• **WORK TO COMPLETE**
Transcribe every entry word for word, but drop the pictures.

• **DATA RECORDS**
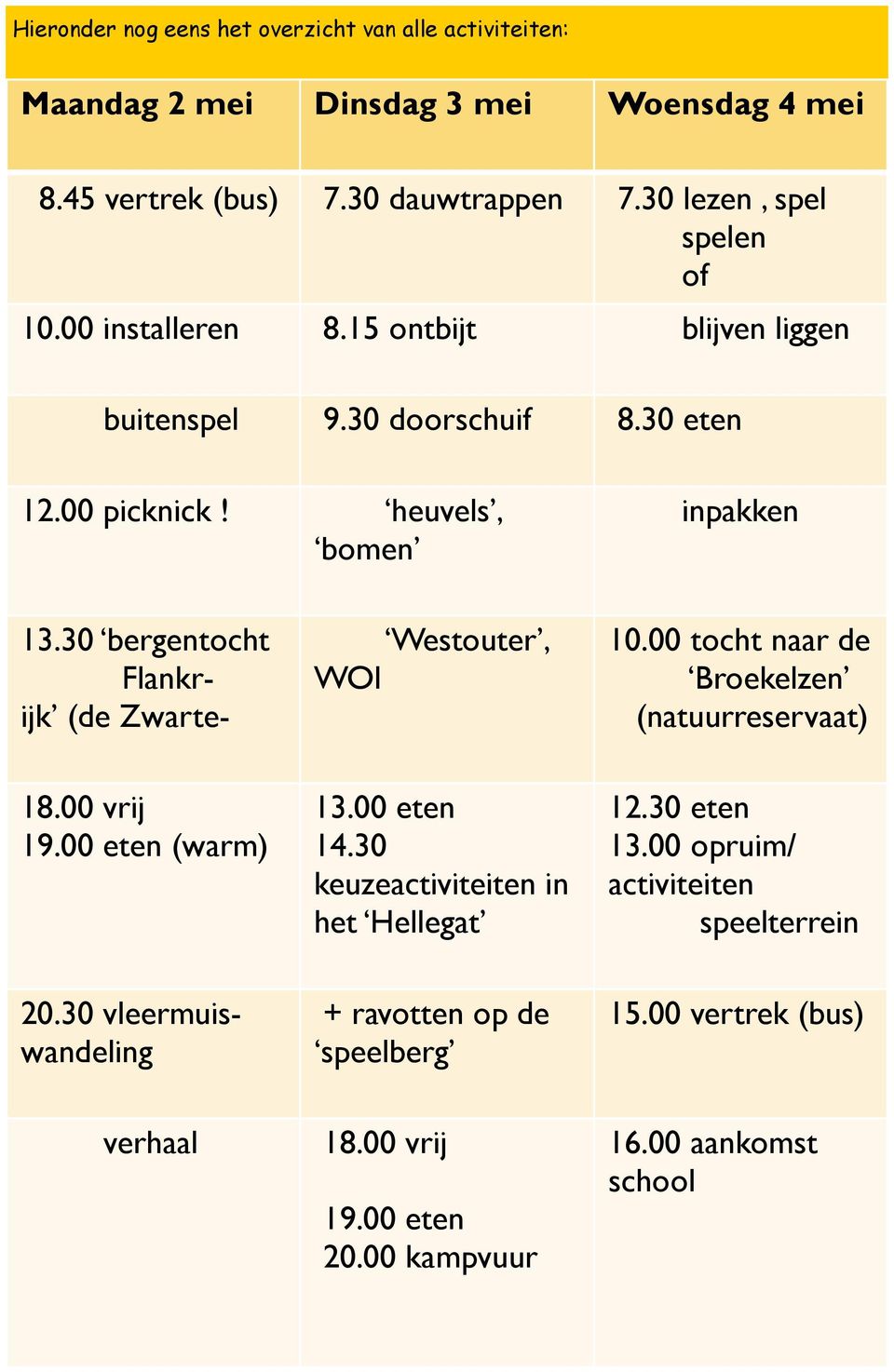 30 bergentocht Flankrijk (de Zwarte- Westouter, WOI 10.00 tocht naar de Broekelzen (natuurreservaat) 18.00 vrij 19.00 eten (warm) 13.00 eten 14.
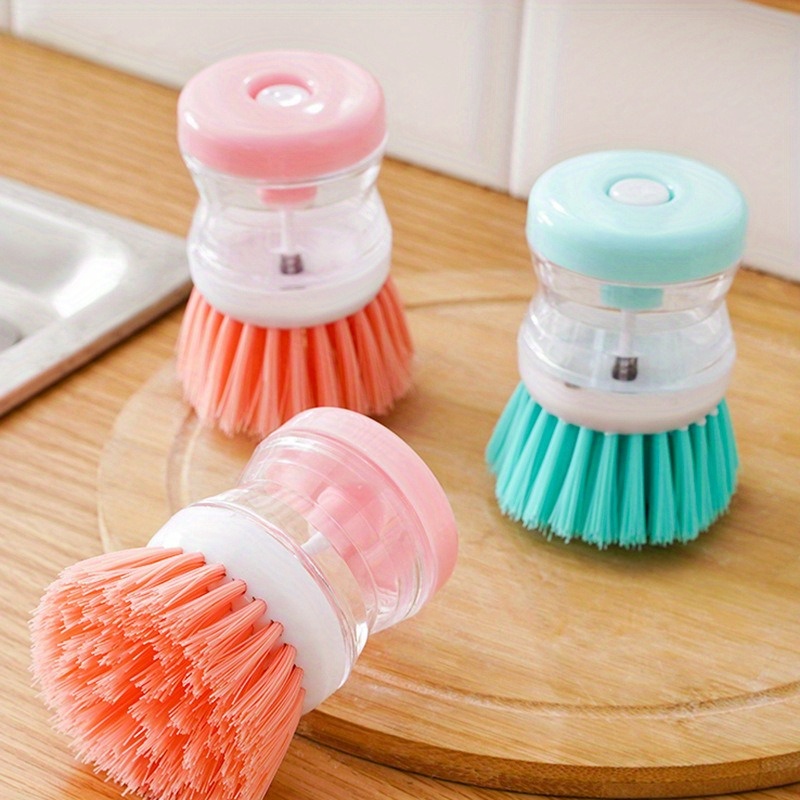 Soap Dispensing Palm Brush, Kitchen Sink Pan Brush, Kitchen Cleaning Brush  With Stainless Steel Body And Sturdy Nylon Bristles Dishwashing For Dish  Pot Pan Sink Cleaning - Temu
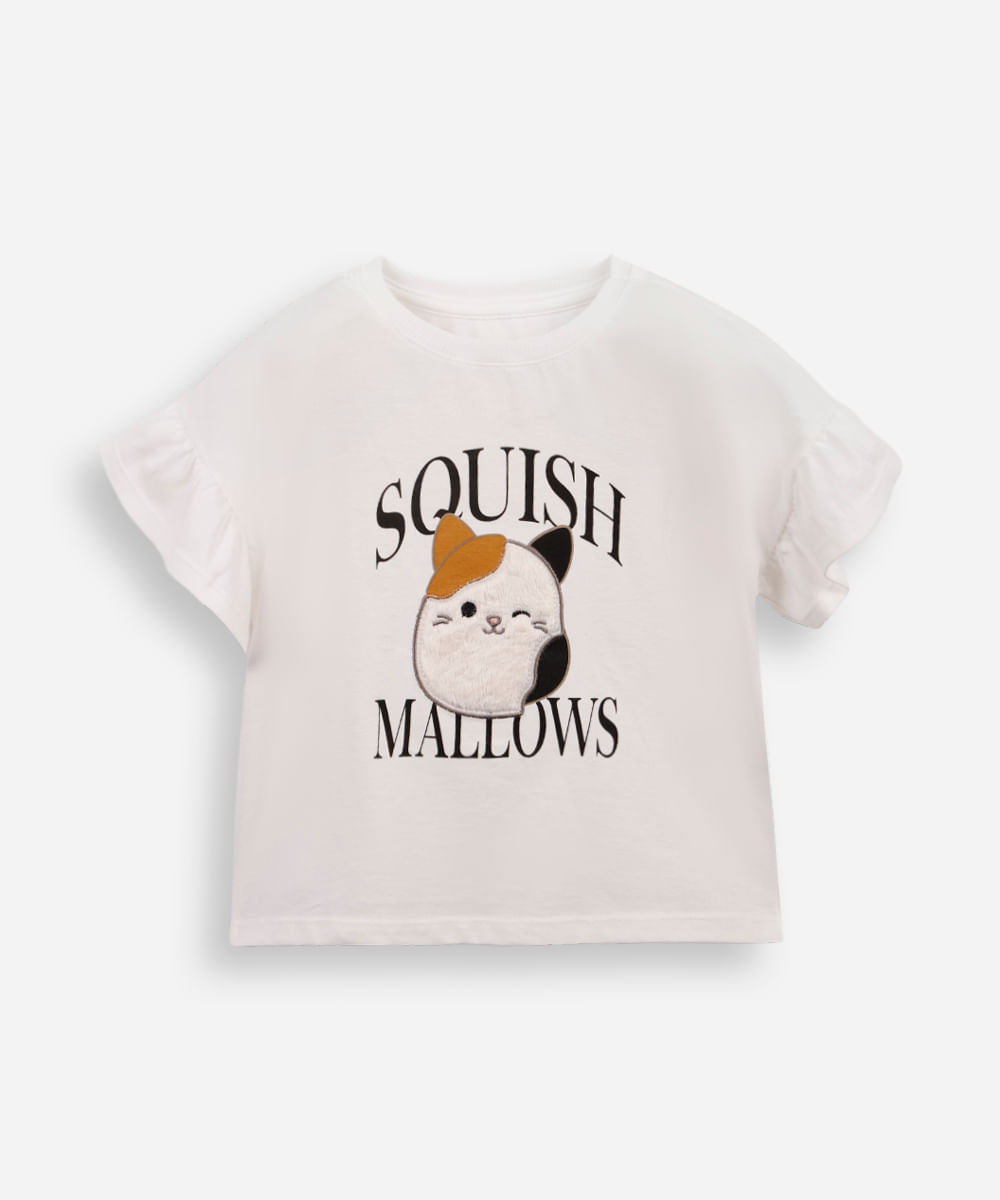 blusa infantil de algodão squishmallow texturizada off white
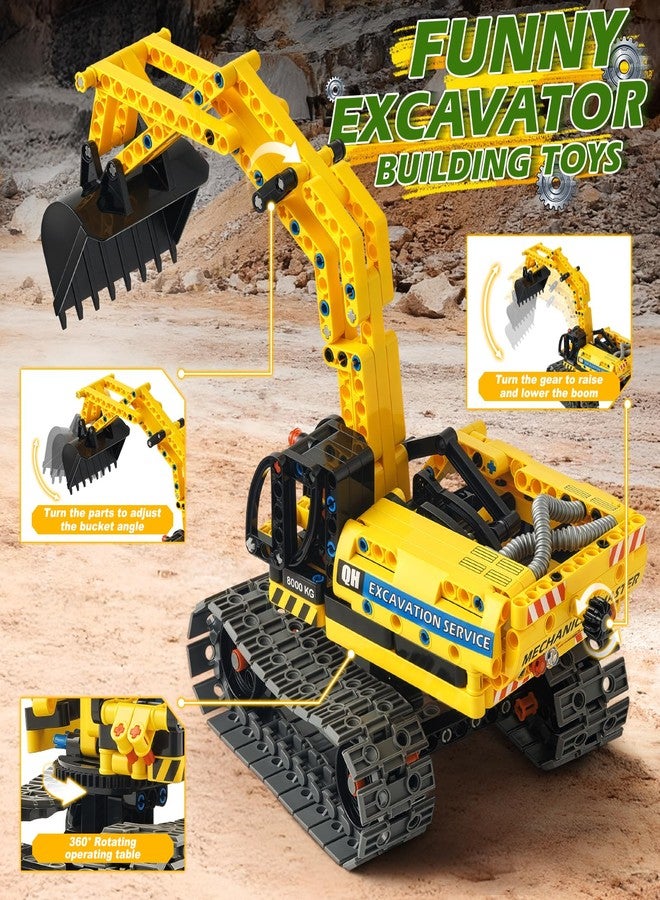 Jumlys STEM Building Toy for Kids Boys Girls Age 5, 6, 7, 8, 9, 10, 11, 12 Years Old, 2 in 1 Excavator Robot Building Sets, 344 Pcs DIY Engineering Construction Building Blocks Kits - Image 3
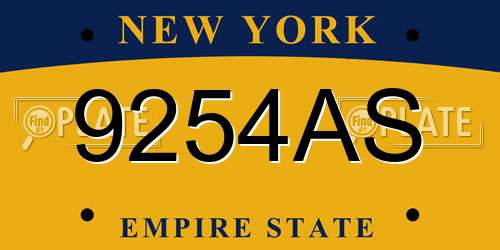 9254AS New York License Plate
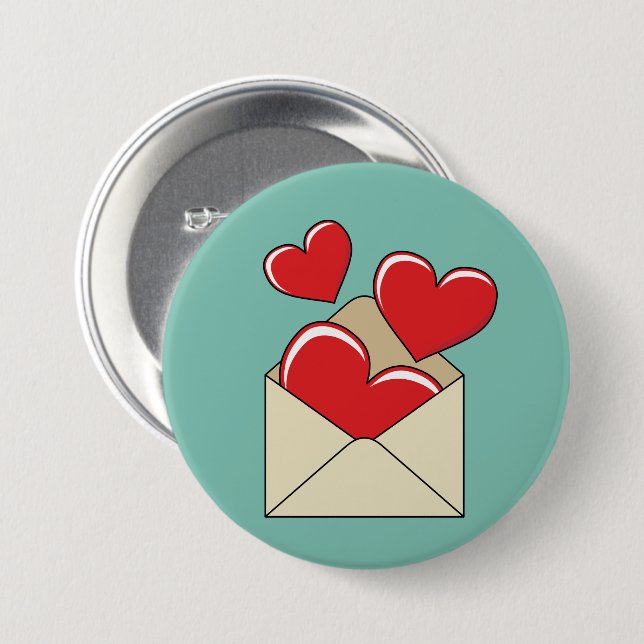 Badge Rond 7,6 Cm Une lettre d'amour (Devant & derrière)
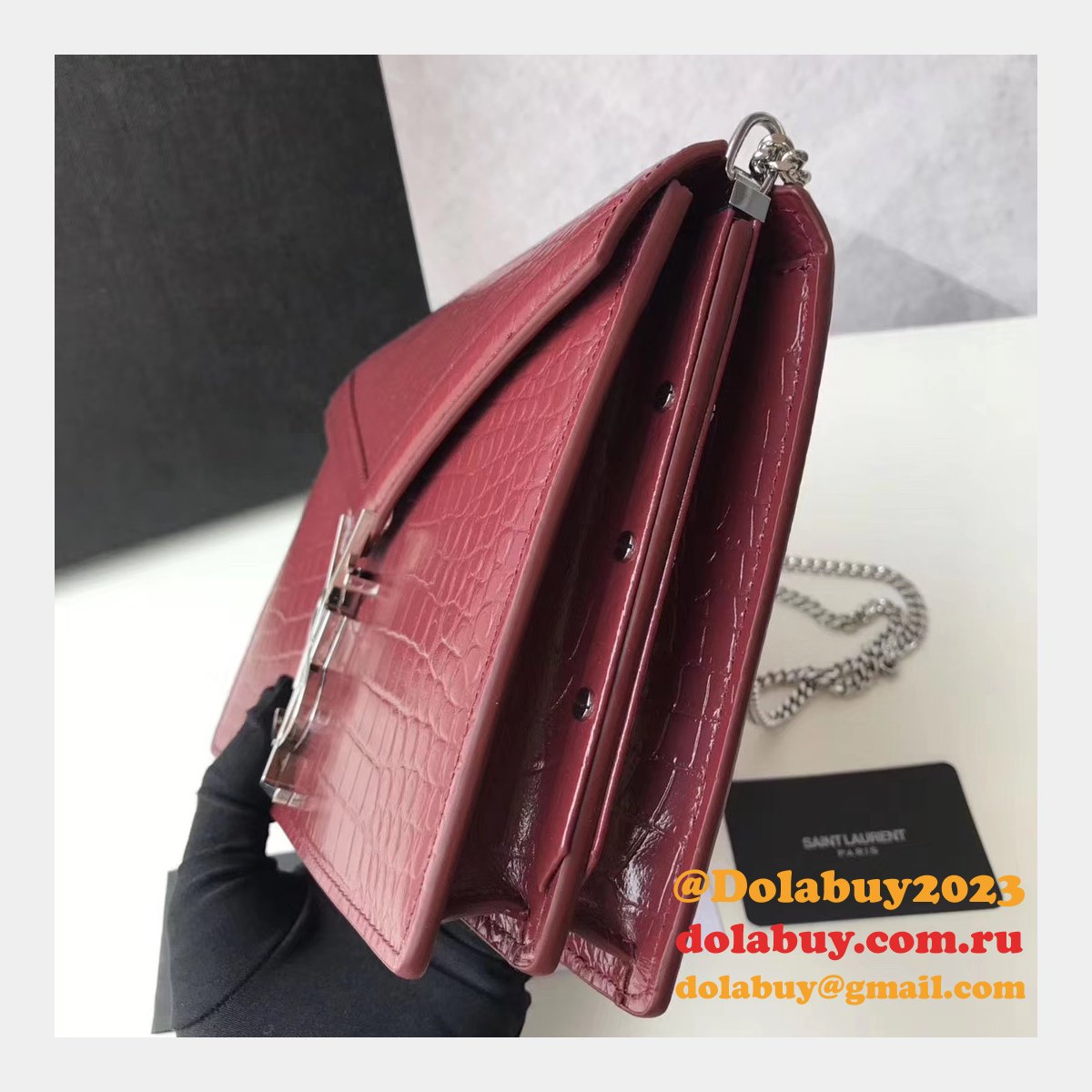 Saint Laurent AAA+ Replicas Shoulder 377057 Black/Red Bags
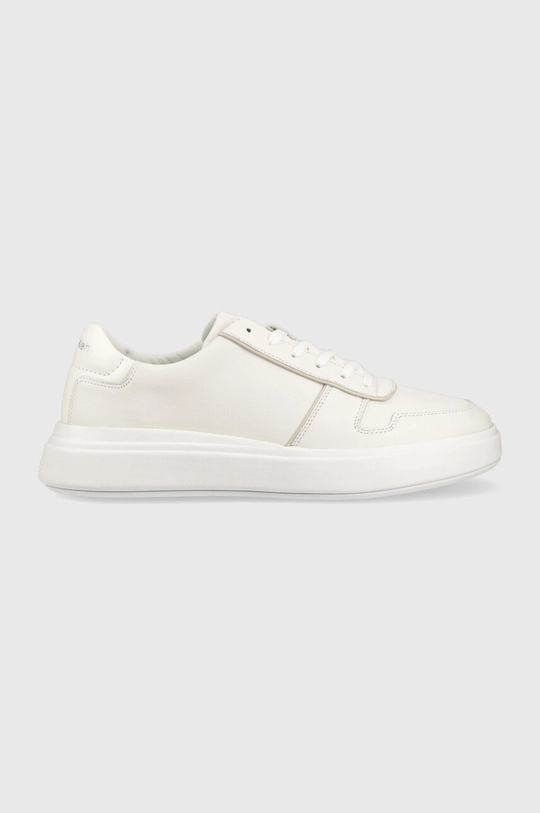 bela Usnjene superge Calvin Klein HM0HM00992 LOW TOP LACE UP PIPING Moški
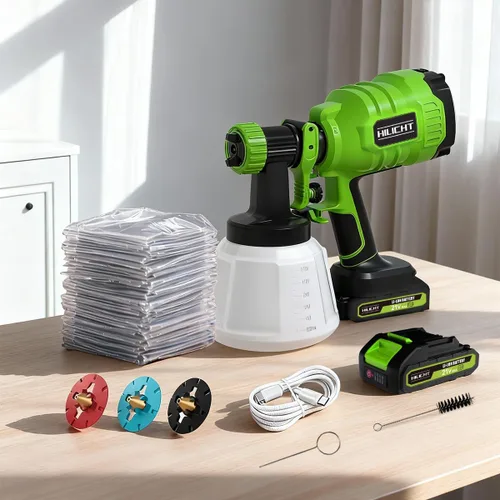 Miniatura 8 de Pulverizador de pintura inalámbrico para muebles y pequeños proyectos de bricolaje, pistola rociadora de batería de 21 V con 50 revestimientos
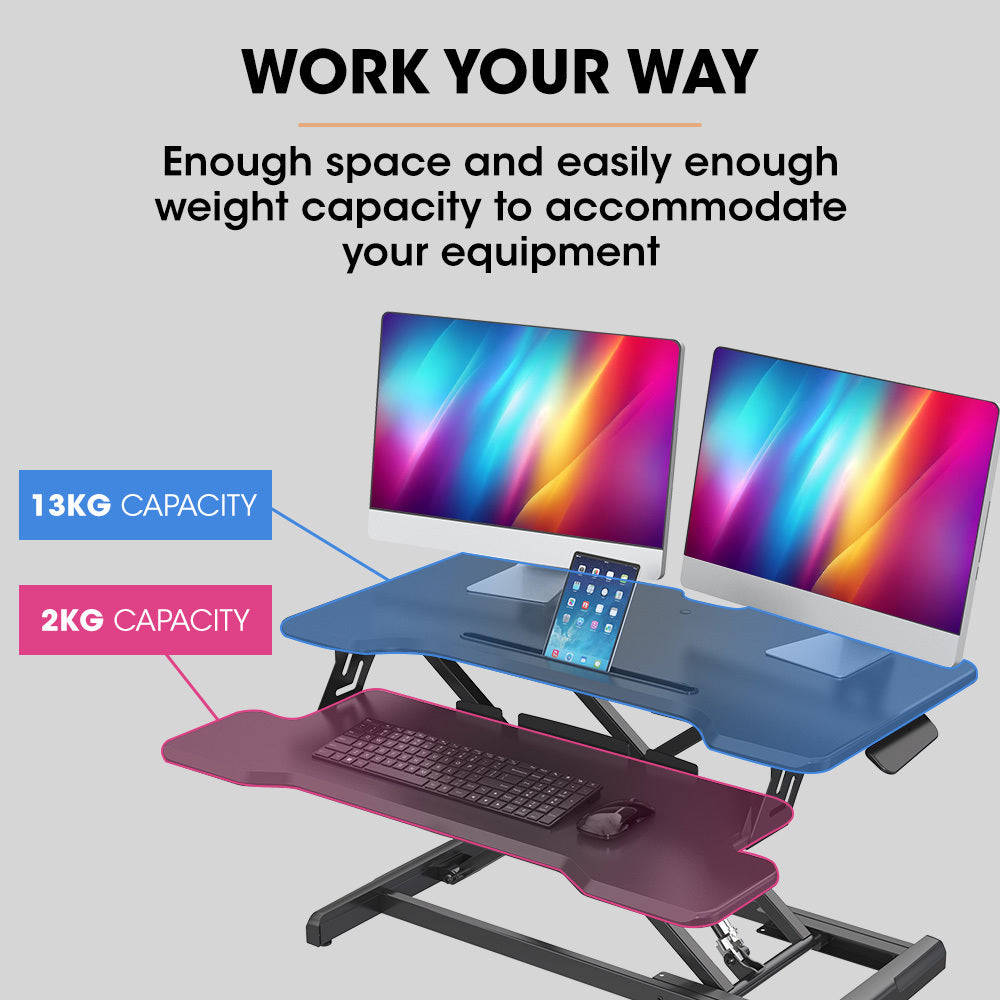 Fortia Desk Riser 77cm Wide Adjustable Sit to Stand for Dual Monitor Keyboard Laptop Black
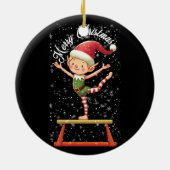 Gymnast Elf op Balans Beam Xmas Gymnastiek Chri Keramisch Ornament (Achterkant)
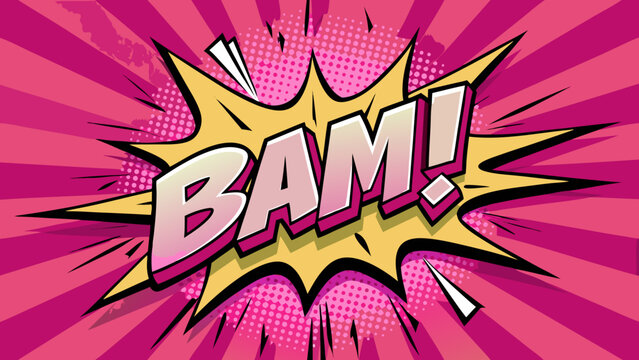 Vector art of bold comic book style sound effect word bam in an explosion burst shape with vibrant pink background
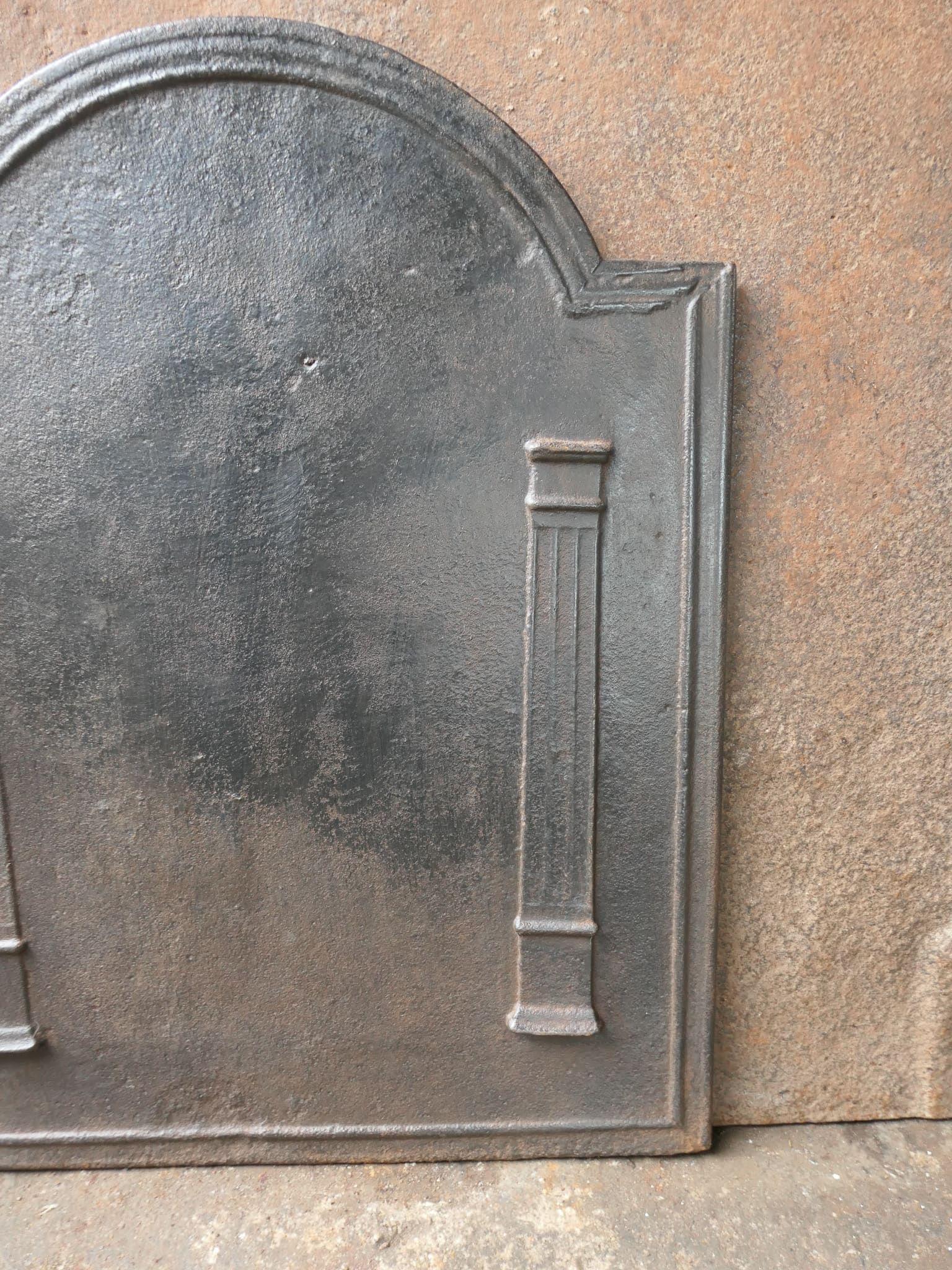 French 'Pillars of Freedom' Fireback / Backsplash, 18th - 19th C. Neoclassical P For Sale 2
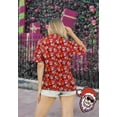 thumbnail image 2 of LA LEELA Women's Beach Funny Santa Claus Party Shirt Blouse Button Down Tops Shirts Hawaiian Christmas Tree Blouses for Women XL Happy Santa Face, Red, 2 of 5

• **RESULT FOR THIS TASK**
 30 bergentocht Flankrijk (de Zwarte- Westouter, WOI 10.00 tocht naar de Broekelzen (natuurreservaat) 18.00 vrij 19.00 eten (warm) 13.00 eten 14.
 Soap Dispensing Palm Brush, Kitchen Sink Pan Brush, Kitchen Cleaning Brush  With Stainless Steel Body And Sturdy Nylon Bristles Dishwashing For Dish  Pot Pan Sink Cleaning - Temu
 blusa infantil de algodão squishmallow texturizada off white
 Jumlys STEM Building Toy for Kids Boys Girls Age 5, 6, 7, 8, 9, 10, 11, 12 Years Old, 2 in 1 Excavator Robot Building Sets, 344 Pcs DIY Engineering Construction Building Blocks Kits - Image 3
 9254AS New York License Plate
 Badge Rond 7,6 Cm Une lettre d'amour (Devant & derrière)
 Saint Laurent AAA+ Replicas Shoulder 377057 Black/Red Bags
 bela Usnjene superge Calvin Klein HM0HM00992 LOW TOP LACE UP PIPING Moški
 Miniatura 8 de Pulverizador de pintura inalámbrico para muebles y pequeños proyectos de bricolaje, pistola rociadora de batería de 21 V con 50 revestimientos
 Fortia Desk Riser 77cm Wide Adjustable Sit to Stand for Dual Monitor Keyboard Laptop Black
 Gymnast Elf op Balans Beam Xmas Gymnastiek Chri Keramisch Ornament (Achterkant)
 Vector art of bold comic book style sound effect word bam in an explosion burst shape with vibrant pink background
 French 'Pillars of Freedom' Fireback / Backsplash, 18th - 19th C. Neoclassical P For Sale 2
 thumbnail image 2 of LA LEELA Women's Beach Funny Santa Claus Party Shirt Blouse Button Down Tops Shirts Hawaiian Christmas Tree Blouses for Women XL Happy Santa Face, Red, 2 of 5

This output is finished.